When The Philadelphia Orchestra gives the first full concert of the 2014 Tour of Asia & China Residency tonight, it will be the first time the ensemble has performed outside the U.S. under the leadership of Music Director Yannick Nézet-Séguin. The program for this milestone performance at Beijing’s National Centre for the Performing Arts includes Tchaikovsky’s Symphony No. 6 (“Pathétique”) and, in a special dedication to Chinese audiences, Tan Dun’s Nu Shu: The Secret Songs of Women, Symphony for Microfilms, Harp, and Orchestra.
The world-renowned Chinese composer, who is serving as artistic advisor of the Orchestra’s 2014 China concerts and Residency activities, wrote Nu Shu for Philadelphia Orchestra Principal Harp Elizabeth Hainen. The multi-media composition received its American premiere in Verizon Hall in October 2013 with the Orchestra under the baton of Nézet-Séguin. Audiences greeted it with standing ovations.

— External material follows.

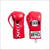 Cleto Reyes Traditional Contest Gloves - Red Cleto Reyes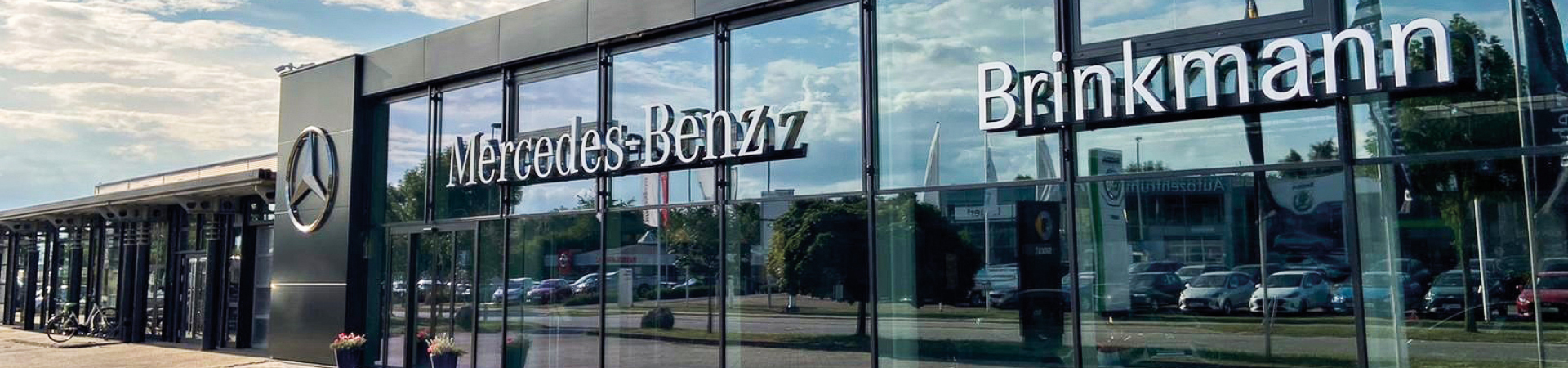 AutoBrinkmann Mercedes Benz Greifswald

Principal Harp Elizabeth Hainen, Yannick, and The Philadelphia Orchestra performing the U.S. premiere of Nu Shu.
At the heart of Nu Shu is a disappearing language, created in Hunan, China, in the 13th century. Secretly devised by women who were forbidden to learn the men’s language, it was perpetuated through the generations by reading, writing, and, above all, singing.
“This language was passed on … always from a mother to daughter and always by singing,” says Tan Dun. “This is the only women’s language in the world and only a few people—very, very old women—know the secret language. And I immediately got fascinated by it.”

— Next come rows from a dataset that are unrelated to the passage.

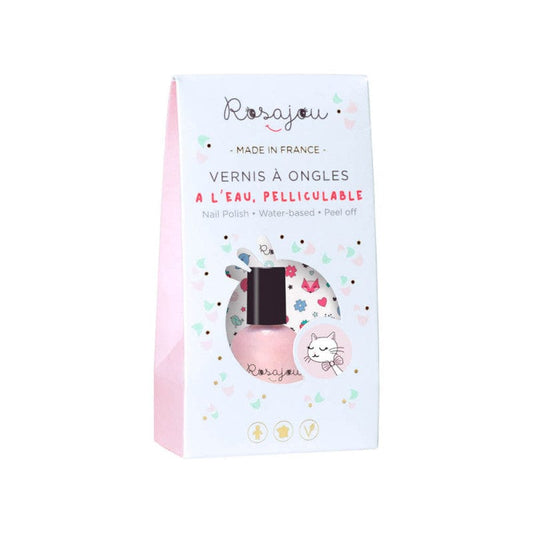 accessoires ROSAJOU Vernis à ongles Rose "Ballerine" RVAO02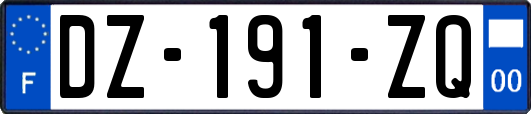 DZ-191-ZQ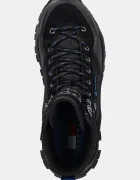 Tommy Jeans Обувки TJM HYBRID BOOT мъжки в черно EM0EM01633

Tan Dun traveled to the remote village in his native Hunan province where only a handful of women still speak the language. He made 200 hours of video and audio recordings and produced a series of short films with evocative titles like Secret Fan, Dressing for the Wedding, Longing for her Sister, and Grandmother’s Echo.
“They’re very powerful. Very emotional,” says Hainen of the films, which each depict a rite of passage. “And just beautiful. Beautiful events. Tan has managed to capture the essence of this time and this place through this music and through this footage.”

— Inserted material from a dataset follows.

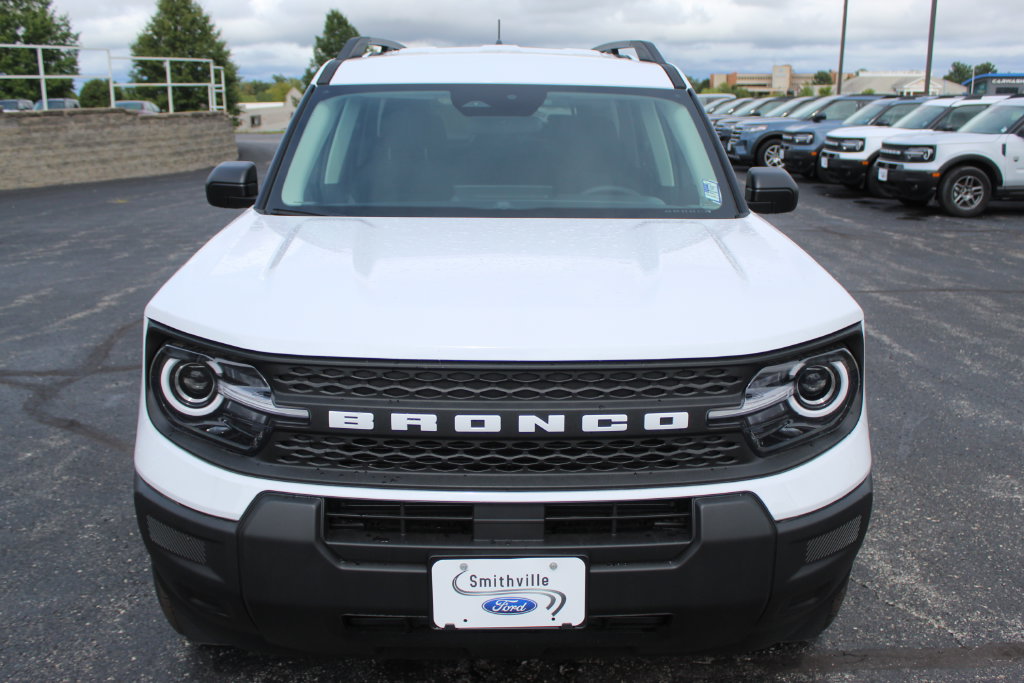 New 2026 Ford Bronco Sport Big Bend w/ Convenience Package AWD/4WD image 8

The haunting singing of the women on the films is woven together with the orchestra and solo harp, an instrument the composer chose because it is “the most feminine.” “I want the harp to serve a very, very dramatic sound source to link this ancient tradition of the women’s language—singing, and reading, and writing—to the future sounds of The Philadelphia Orchestra and modern orchestras,” says Tan Dun.
“He always has this very creative, amazing, genius way of taking history and weaving it into his music,” says Hainen, who compares the harp’s role in the piece to Sheherazade, the famed narrator of The Arabian Nights whose skilled storytelling keeps her alive. “He’s a wonderful, wonderful composer.”
All performances of Nu Shu: The Secret Songs of Women are dedicated to the Chinese audiences. After the concert in Beijing, the Orchestra presents Nu Shu twice more during the tour: in Shenzhen and, in what is sure to be a powerful performance, in Changsha, Hunan—the birthplace of both the Nu Shu language and Tan Dun himself.